TO DO: Reproduce, exactly and in full, the lines from the one with "Porto, Portugal - 12.25.2022: Aerial" through the one with "a view of an" in the data below; drop pictures.

SOURCE RECORDS:
>>>
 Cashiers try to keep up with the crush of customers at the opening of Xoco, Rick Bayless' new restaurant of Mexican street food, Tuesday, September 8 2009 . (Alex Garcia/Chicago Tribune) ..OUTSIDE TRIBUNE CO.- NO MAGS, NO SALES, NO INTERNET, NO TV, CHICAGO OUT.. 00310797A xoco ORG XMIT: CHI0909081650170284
<<<
>>>
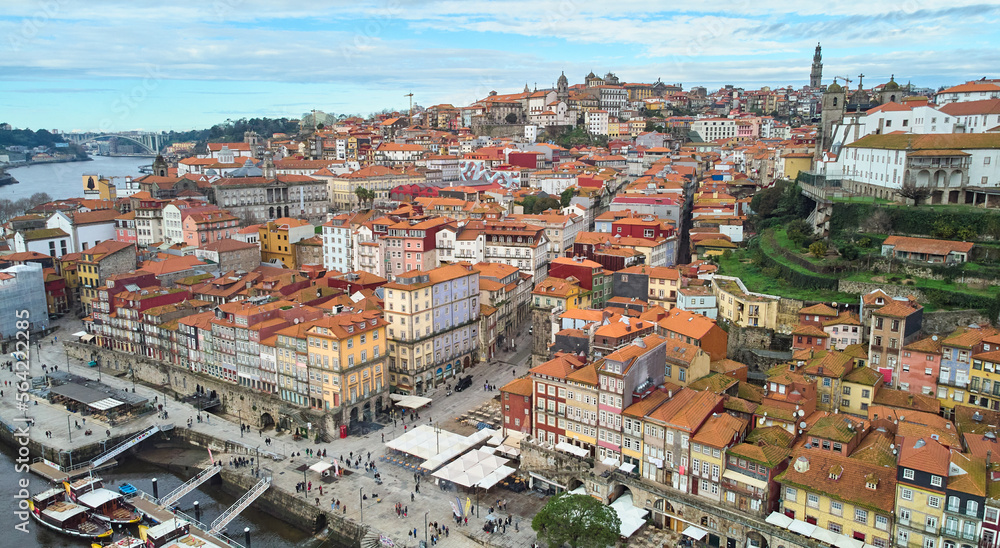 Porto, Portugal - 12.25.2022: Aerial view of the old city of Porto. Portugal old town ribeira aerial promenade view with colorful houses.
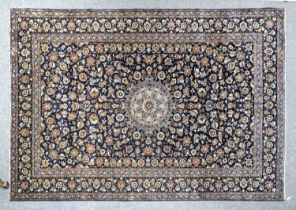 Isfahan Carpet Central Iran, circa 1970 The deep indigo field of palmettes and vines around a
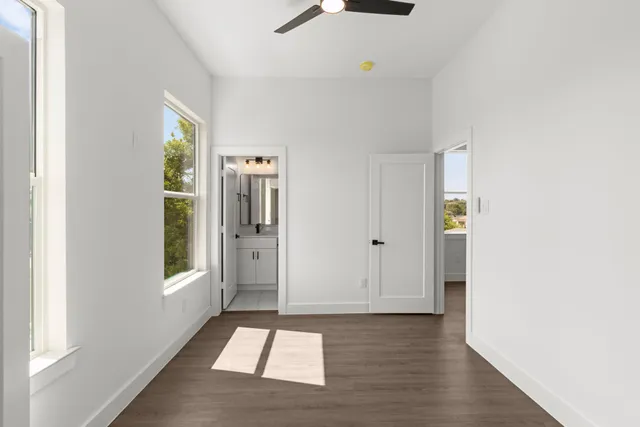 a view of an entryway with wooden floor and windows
<<<
>>>
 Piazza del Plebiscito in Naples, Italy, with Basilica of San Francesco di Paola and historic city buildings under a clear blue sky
<<<
SOLVED EXERCISE:
 Porto, Portugal - 12.25.2022: Aerial view of the old city of Porto. Portugal old town ribeira aerial promenade view with colorful houses.
 Isfahan Carpet Central Iran, circa 1970 The deep indigo field of palmettes and vines around a
 a view of an entryway with wooden floor and windows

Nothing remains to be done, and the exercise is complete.